9fans archive / 1999 / 02 / 7 /    prev next

From: Franklin Robert Araujo França 973930@dcc...
Subject: [9fans] Comments on File I/O measurements
Date: Wed, 03 Feb 1999 10:14:20 +0000

 Russ, please note below our corrections to your random read
calculations.

Comments on File I/O measurements
The first test (bw_file_rd) reads an 8MB file into memory
(the file should then be cached since main memory is 64MB),
then measures the time for re-reading the file sequentially.
The other tests read and write a 100 MB file in 8KB blocks,
using the lmdd test from lmbench.
We were amazed by the Linux numbers so we fetched the Quantum
ST32AT specifications from www.quantum.com; it turns at
5400 rpm, average seek time=10ms,has a 128 KB internal buffer
(~1 track) and a variable number of 512 byte sectors/track
( from 277 to 154) giving nominal rates varying from
12.2 to 6.8 MB/s. Linux partition is after the first 25% of
the disk size, so we estimated nominal rate at that point at
9.2 MB/s.
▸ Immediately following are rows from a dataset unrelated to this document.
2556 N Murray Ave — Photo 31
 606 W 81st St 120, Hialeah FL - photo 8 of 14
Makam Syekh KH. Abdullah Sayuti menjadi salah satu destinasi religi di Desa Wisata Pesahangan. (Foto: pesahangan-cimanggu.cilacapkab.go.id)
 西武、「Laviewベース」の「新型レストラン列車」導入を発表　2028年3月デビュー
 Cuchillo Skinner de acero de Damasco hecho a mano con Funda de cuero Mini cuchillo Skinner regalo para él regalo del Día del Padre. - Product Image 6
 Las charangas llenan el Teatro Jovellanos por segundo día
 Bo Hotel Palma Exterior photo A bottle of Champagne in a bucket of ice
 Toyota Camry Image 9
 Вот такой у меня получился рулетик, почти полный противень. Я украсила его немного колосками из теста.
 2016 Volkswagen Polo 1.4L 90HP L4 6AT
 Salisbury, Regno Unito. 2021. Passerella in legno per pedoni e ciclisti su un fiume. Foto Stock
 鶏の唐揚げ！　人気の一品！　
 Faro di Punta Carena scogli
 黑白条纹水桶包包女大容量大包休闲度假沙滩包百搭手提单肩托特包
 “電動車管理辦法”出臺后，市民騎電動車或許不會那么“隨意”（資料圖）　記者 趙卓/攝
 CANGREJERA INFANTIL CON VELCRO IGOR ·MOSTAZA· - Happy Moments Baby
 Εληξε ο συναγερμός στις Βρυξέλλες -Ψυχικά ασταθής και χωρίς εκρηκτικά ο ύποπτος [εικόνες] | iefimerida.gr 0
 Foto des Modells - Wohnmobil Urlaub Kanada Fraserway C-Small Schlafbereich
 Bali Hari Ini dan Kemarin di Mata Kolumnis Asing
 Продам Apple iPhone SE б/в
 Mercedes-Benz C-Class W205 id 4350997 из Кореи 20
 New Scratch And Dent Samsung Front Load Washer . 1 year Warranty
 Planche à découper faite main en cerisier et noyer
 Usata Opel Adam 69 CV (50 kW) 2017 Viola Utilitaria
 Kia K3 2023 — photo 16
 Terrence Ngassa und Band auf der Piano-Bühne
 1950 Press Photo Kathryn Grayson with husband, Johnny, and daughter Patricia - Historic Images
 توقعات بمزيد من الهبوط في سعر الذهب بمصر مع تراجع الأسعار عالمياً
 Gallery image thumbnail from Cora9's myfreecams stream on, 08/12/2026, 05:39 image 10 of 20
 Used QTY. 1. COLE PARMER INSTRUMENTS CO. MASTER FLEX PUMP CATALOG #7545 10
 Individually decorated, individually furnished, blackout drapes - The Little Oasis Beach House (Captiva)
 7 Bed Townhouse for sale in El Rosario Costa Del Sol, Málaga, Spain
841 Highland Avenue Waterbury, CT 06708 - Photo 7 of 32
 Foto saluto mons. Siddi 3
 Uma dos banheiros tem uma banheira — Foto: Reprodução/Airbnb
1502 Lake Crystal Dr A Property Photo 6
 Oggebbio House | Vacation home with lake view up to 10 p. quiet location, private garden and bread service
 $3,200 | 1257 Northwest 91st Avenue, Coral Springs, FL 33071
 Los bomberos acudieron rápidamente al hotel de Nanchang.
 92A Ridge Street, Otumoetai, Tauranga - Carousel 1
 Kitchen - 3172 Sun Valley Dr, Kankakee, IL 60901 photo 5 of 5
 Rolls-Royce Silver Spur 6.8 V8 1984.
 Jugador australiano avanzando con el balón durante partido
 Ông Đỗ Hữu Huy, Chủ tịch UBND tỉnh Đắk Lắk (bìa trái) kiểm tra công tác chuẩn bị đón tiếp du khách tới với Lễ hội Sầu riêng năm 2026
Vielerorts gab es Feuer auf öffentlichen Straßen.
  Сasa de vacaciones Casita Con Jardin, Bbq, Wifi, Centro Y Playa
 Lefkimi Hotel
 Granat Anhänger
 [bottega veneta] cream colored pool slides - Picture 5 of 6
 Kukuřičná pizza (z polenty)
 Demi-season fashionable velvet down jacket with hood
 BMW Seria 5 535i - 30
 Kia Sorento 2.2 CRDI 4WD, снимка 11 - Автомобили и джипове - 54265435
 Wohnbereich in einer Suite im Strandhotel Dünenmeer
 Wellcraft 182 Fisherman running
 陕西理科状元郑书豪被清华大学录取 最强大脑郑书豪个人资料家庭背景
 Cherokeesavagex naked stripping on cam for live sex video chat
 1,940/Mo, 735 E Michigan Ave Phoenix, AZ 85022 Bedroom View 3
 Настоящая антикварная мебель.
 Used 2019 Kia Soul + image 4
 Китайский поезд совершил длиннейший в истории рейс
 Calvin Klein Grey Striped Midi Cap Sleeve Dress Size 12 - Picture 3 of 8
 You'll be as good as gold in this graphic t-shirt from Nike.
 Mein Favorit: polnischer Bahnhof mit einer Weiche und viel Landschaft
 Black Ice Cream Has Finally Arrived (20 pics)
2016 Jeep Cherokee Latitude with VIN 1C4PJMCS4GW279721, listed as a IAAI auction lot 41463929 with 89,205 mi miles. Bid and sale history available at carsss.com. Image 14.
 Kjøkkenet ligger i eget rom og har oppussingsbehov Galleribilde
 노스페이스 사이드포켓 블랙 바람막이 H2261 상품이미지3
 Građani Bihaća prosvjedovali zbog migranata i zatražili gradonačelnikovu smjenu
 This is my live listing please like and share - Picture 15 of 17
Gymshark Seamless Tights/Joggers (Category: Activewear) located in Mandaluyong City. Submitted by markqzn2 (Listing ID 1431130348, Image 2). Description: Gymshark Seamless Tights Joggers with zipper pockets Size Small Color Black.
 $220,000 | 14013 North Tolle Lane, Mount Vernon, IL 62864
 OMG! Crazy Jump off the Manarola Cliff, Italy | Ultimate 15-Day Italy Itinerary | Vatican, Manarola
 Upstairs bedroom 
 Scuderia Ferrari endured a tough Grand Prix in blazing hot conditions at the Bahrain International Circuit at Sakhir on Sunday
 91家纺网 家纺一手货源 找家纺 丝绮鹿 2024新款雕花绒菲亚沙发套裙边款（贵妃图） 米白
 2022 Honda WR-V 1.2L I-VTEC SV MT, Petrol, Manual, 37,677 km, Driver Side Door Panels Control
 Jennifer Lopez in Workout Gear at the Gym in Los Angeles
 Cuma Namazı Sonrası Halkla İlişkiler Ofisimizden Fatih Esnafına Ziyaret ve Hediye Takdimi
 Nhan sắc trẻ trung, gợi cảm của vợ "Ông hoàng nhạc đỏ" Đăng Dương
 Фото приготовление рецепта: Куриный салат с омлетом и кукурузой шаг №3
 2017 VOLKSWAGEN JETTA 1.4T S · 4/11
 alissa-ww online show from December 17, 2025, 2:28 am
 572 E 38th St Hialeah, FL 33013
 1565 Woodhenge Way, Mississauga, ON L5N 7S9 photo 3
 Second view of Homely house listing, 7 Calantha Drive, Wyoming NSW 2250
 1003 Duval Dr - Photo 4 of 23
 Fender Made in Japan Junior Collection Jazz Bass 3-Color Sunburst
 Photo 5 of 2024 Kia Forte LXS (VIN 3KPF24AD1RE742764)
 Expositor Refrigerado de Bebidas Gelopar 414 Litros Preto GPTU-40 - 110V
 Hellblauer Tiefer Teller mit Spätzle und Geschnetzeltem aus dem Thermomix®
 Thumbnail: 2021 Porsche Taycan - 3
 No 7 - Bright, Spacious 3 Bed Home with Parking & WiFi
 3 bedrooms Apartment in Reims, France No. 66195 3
We rebooted the system before all measurements in order
to avoid any cache re-use, and executed the sync() system call
before ending the time measurements.
Linux was able to create and write sequentially a 100MB file
at 50% of the disk nominal speed and (after reboot) to read
sequentially the same file at 90% of the disk nominal speed.
In the random read test with the same file we read 12800 times
8KB blocks randonly chosen (therefore, 12800 random lseeks
followed by read): the time measured was 116.3 secs giving
9.8 ms /operation, very close to the average seek time.
PS: Plan9 partition is after Linux in the disk, which may
give nominal rates up to 20% lower than Linux 9MB/s, but this
obviously cannot explain the difference in performance.